有人說看罷橫山裕一的作品不明所以然,我說可以讀完罷就,不必深究,因為全書沒有文字,也幾乎沒有劇情,人物沒有對話也沒有深刻交流,只傳遞視覺,不傳遞思考﹣﹣二百頁純粹的描寫,極致的描寫,橫山只負責窮其精力去描寫,至於風景好不好看,在乎讀者有無心領會了。

是以,橫山的《Travel》,可以用三種方法介紹:
一、簡單的話,可以如此作結:二百頁的列車之旅,完。
二、稍為複雜一點去描述,可以這樣說:三位主角登上火車,穿越各種各樣的車卡,掠過各種各樣的乘客,沿途風光明媚,經過住宅、運河、高山,驟晴驟雨,穿越深山隧道,進入城市,第三個站下車。

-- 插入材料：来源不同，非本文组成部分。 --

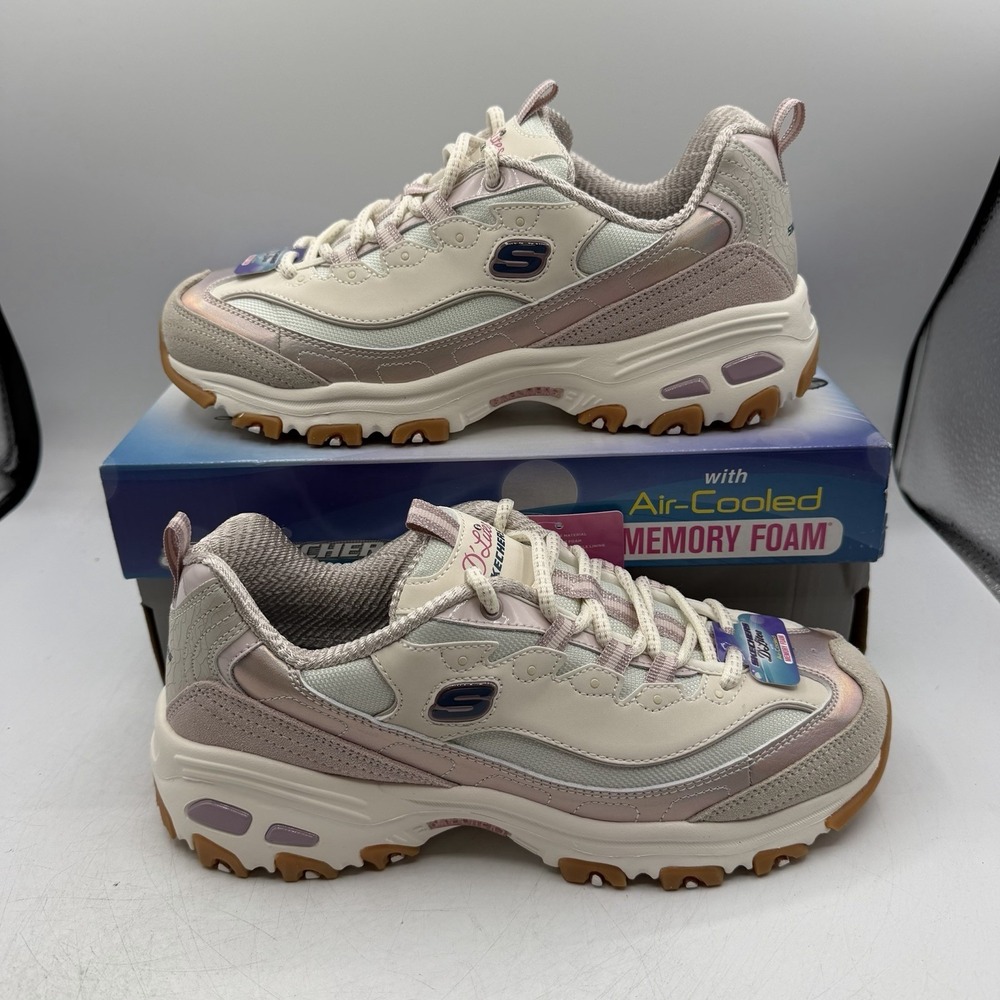 Skechers D'Lites Dazzling Shine Shoes Womens Sz 8 Light Pink Sneakers 150556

三、用橫山窮究細節的方法去描述的話,可以這樣說:三位衣著獨特的主角到站,抬頭看站牌,從腰間掏錢,按鍵、投幣、買票,閘口插入車票、過閘、車票彈出、取出車票,經過小賣店,沒買飲料,到月台候車,火車靠近、到站,車門滑開、三人上車、關門,列車起步加速,三人按鈕、車卡門打開、穿過另一卡......(下刪三千字);陽光從密雲間透射,光暈折射,穿過玻璃,陽光灑遍車廂,黑白光影投到有規律的坐椅上、和不規則的乘客身上,乘客眼鏡反射光芒,車廂光影亂舞,後來忽然下雨,雨點一滴滴打在車窗上,起初微雨,雨愈下愈大,玻璃上流動的水點愈來愈長而在整塊玻璃面流動,透過雨水的折射,人臉愈變模糊......(下刪五千字)

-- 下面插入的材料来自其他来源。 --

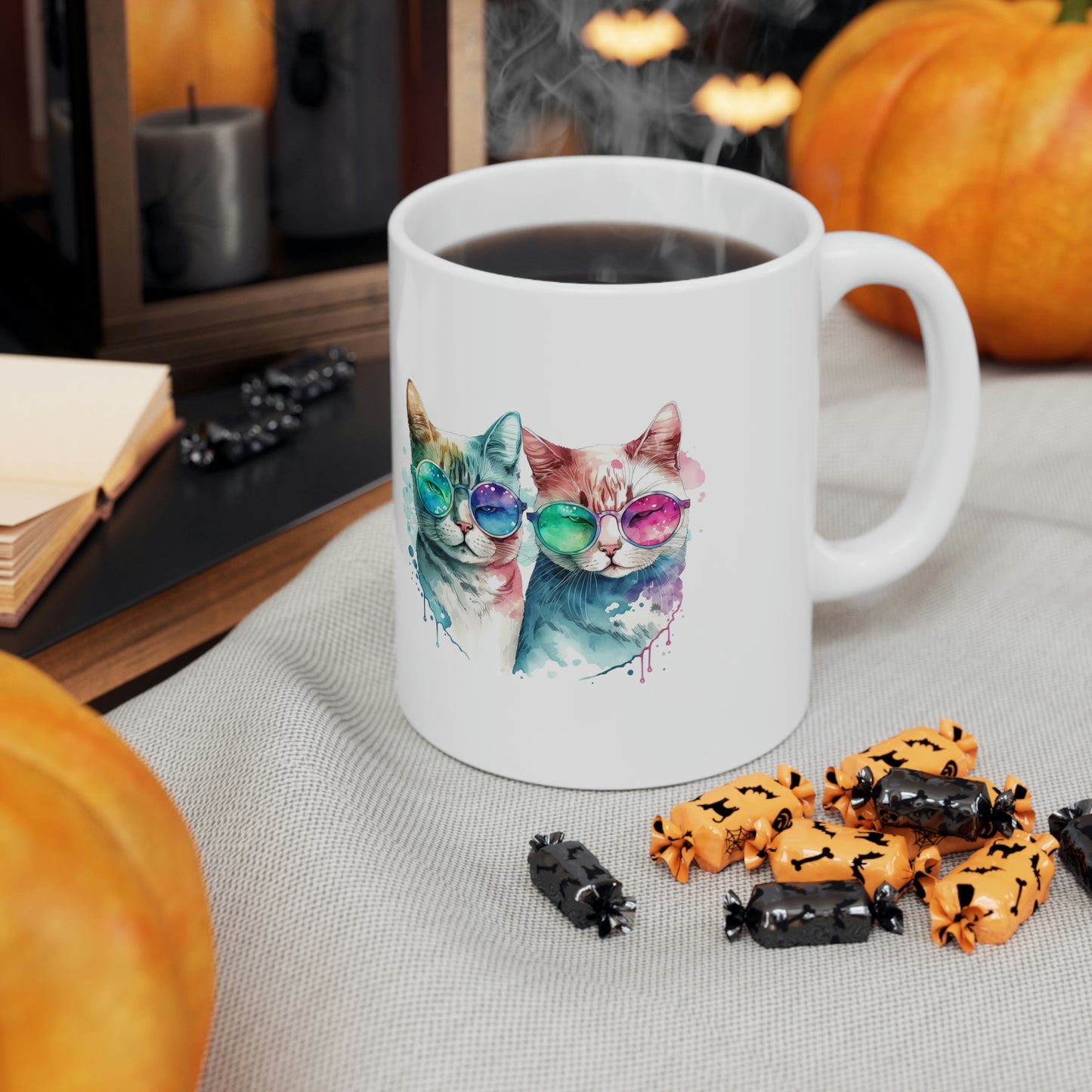 Cute Cat Couple Valentines Gift for Her Ceramic Mug 11oz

小動作和小感覺因被描寫而放大,細節多如繁星,每一個瞬間都能入畫,幾可耗盡墨水畫筆的所有可能。但橫山盡以俐落的筆法完成,分鏡和翻頁帶來的節奏感極之明快,就像讀劉以鬯的短篇小說一樣,行文流麗而且非常摩登。速度感加以各種趣怪的造型,我叫這做 futurist punk-funk!